Another issue recently raised is the sheer disruption a project of this scale could bring to the Village during construction. Pete Smith, former RSFA manager and current property manager of Woolley Plaza, home to the Rancho Santa Fe Post Office, said he consulted with three commercial contractors to better understand how a project of this magnitude could affect traffic flow and nearby businesses.
“Because the structure extends nearly to the street on multiple sides, contractors told me that one lane of traffic would likely need to be closed on both Via De Santa Fe and La Granada to accommodate staging equipment and a construction crane,” Smith said. “The consensus was that construction would take between two and two-and-a-half years to complete, with roughly 100 workers on site during peak construction.”

Something Worth Building
No one who loves this Ranch is opposed to seeing something wonderful rise at the village gateway. That triangular parcel is one of the most significant sites in the Covenant – a rare chance to create something beautiful. Maybe even step-down housing – for purchase, not rent – where seniors who want to downsize yet stay in the Covenant could find a home.

Or imagine a curated market on La Flecha off an arcade in the Lilian Rice tradition. Shaded courtyards where neighbors actually stop and linger. Architecture that evokes the community squares of Spain – hand-laid tile, deep-set windows, plastered walls, and varying rooflines that simply belong. Certainly not the boxy compromises down the street that somehow slipped past the Art Jury in decades past, but something Rice herself might recognize as worthy of the community she designed.
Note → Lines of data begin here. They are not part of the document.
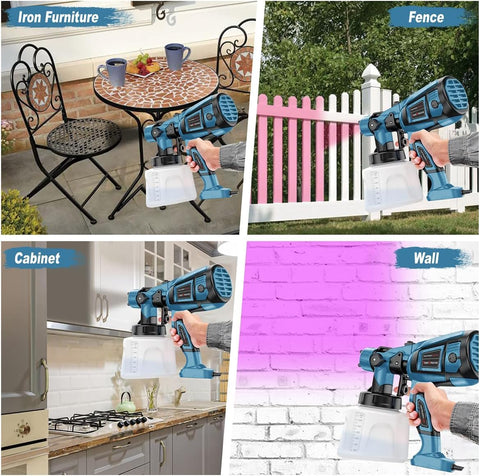 MirrorZone flow control knob allows dialing in paint flow for precision.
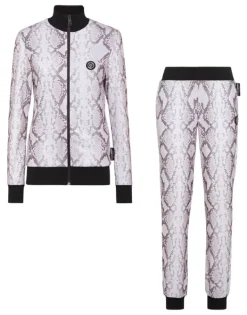 New Triacetate Jogging Tracksuit: Top/Trousers Pitone Damen Sportbekleidung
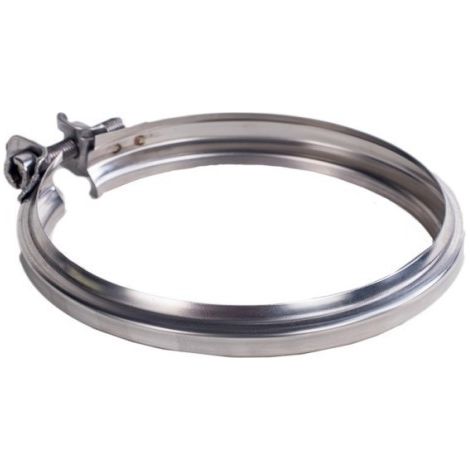 Abrazadera Estufa Pellet Ø80Mmx110Mm Inox Union Exojo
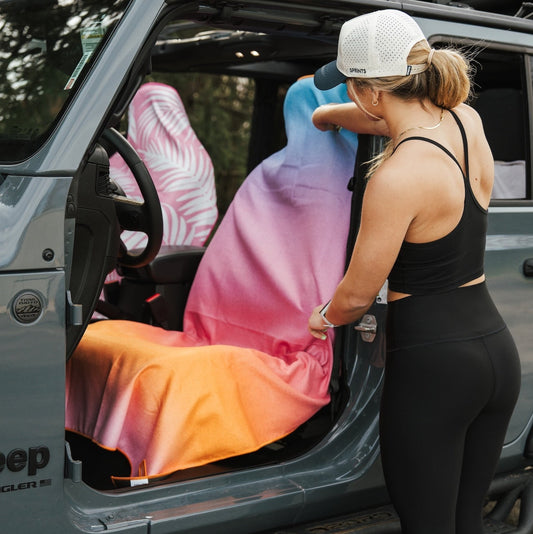 Golden Glow Car Seat Cover Towel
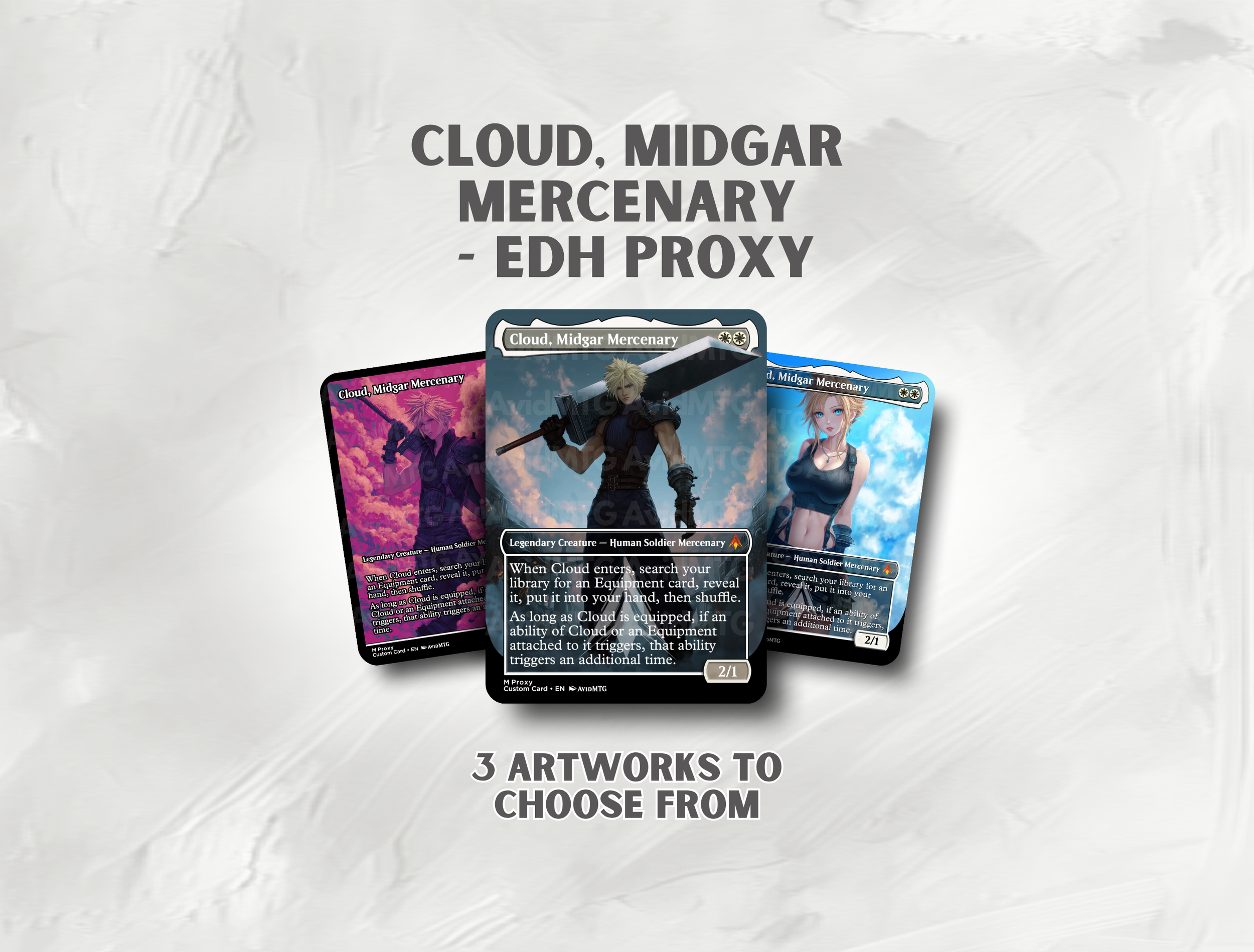 Cloud, Midgar Mercenary - Custom Card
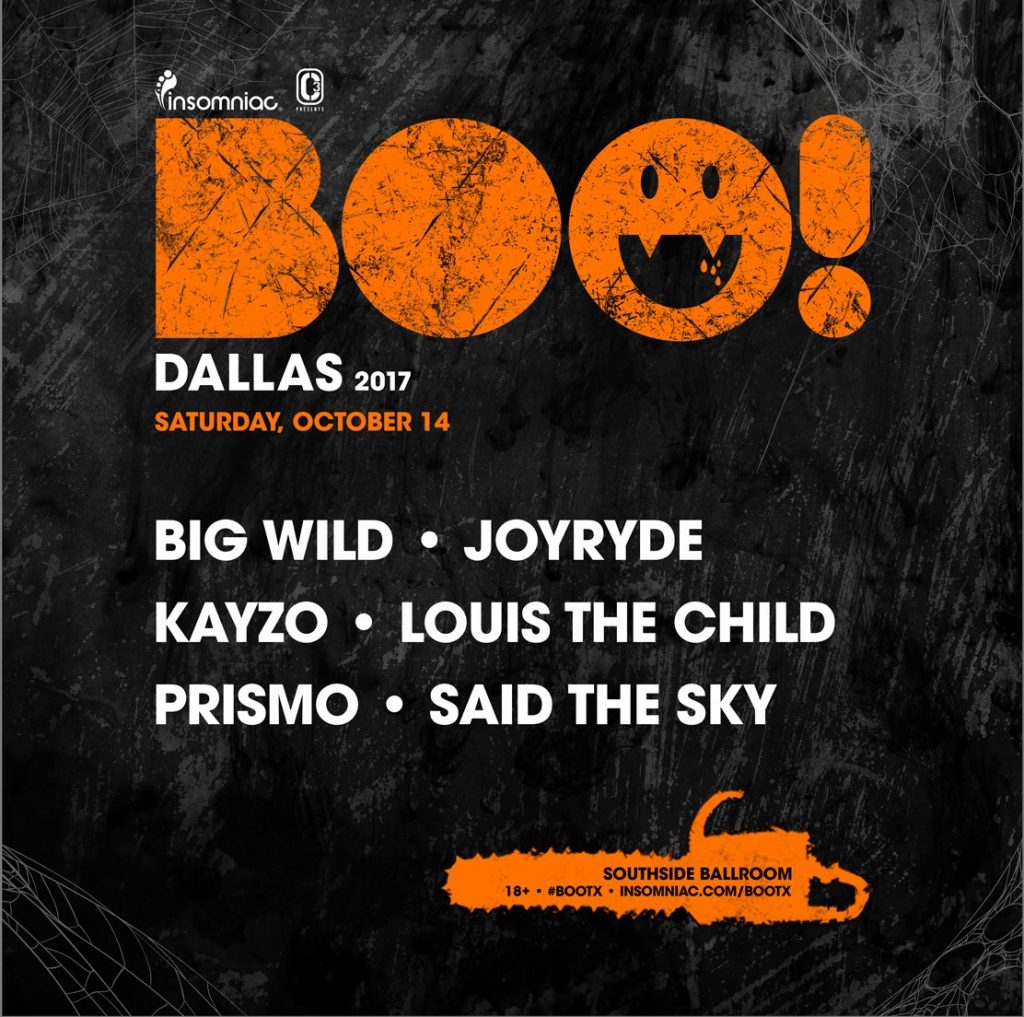 Festival Boo! Dallas, Tex. tickets and lineup on Oct 14, 2017 at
That project is possible. It just needs some smart city planning, tasteful design, and a zoning change if required. The original planners who designed the Covenant were not naive. They knew that development pressure would come. They built in protections such as land use zoning and a clear process to alter it. Because they understood that without those protections, the character of Rancho Santa Fe would eventually be traded away in pieces, each one individually defensible, and cumulatively irreversible.
There is an irony buried in the Rababy’s story. Had the original Lilian Rice home not been demolished nearly twenty years ago, the property could have produced two decades of rental income and capital appreciation while preserving an existing village residence. Instead, a gamble on a larger redevelopment left one of the Covenant’s most prominent corners sitting vacant for nearly twenty years – where a village home stood before disappearing into rubble over a weekend.
This article draws in part from the published opinion in Rababy v. Rancho Santa Fe Association, California Court of Appeal, Fourth District (D054337, December 21, 2009), as well as reporting published in the Rancho Santa Fe Review Weekly on August 31, 2006.
Kelli Hillard is a Covenant resident and former member of the Art Jury.